=== Given data ===
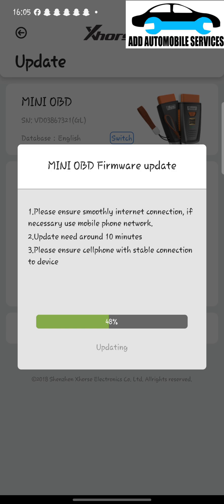You can see there are two Mini OBD in the background. We have Mini OBD 2, which has the CAN FD in it, but the old one doesn't have the CAN FD.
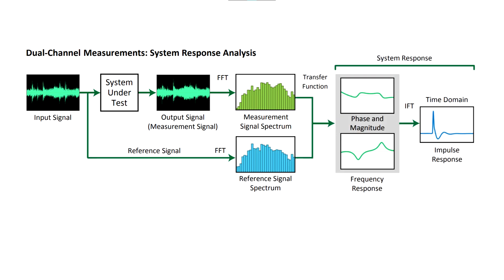We're no longer measuring the signal itself; we're measuring the relationship between the system's output and input, which is unaffected by the choice of test signal, as long as the system we're testing is linear and not being driven into limiting or overload.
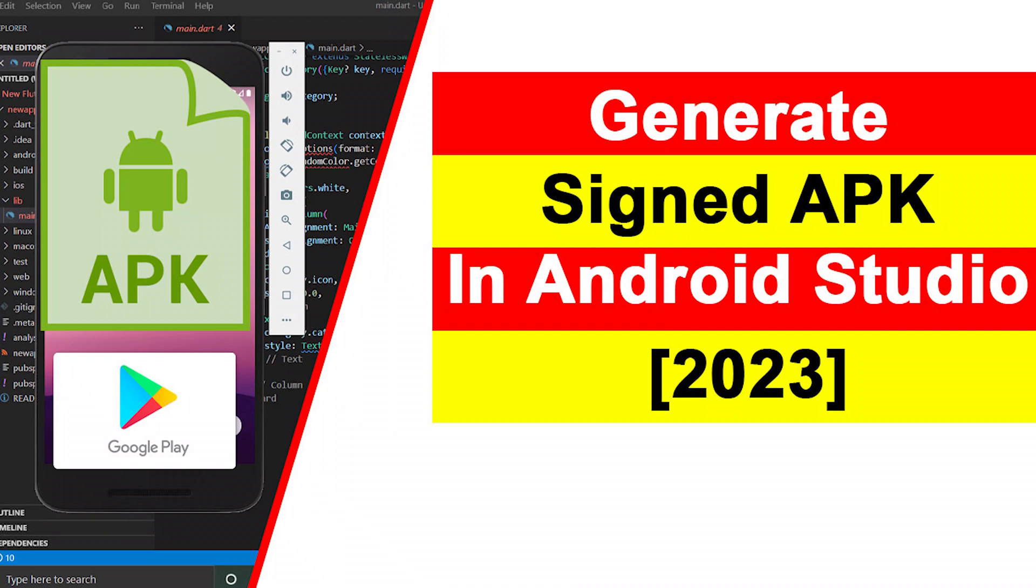Hello guys, hope all you are doing well. In this video I will teach you how to generate a signed APK in Android Studio. You can use this APK file to share with your friends, to share on the internet, or to upload into app stores.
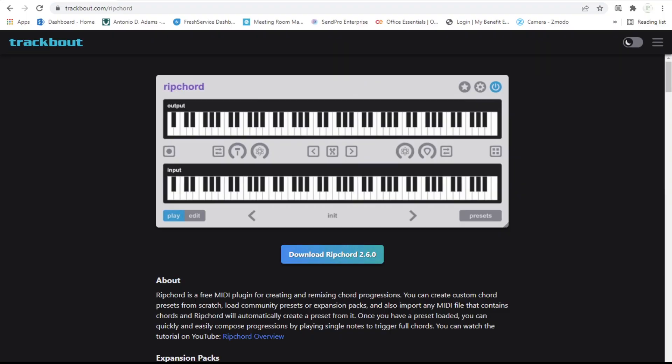If you've never had TrackBout, TrackBout is basically a free MIDI plugin where you can create chord progressions with the stroke of one key. I have some tutorials up about this, so if you guys want to go back and check those out, check out the video right there.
===
What is being asked:
Transcribe exactly, with no pictures, the lines running from the first line of the material through the line holding "We're no longer".

Solution:
You can see there are two Mini OBD in the background. We have Mini OBD 2, which has the CAN FD in it, but the old one doesn't have the CAN FD.
We're no longer measuring the signal itself; we're measuring the relationship between the system's output and input, which is unaffected by the choice of test signal, as long as the system we're testing is linear and not being driven into limiting or overload.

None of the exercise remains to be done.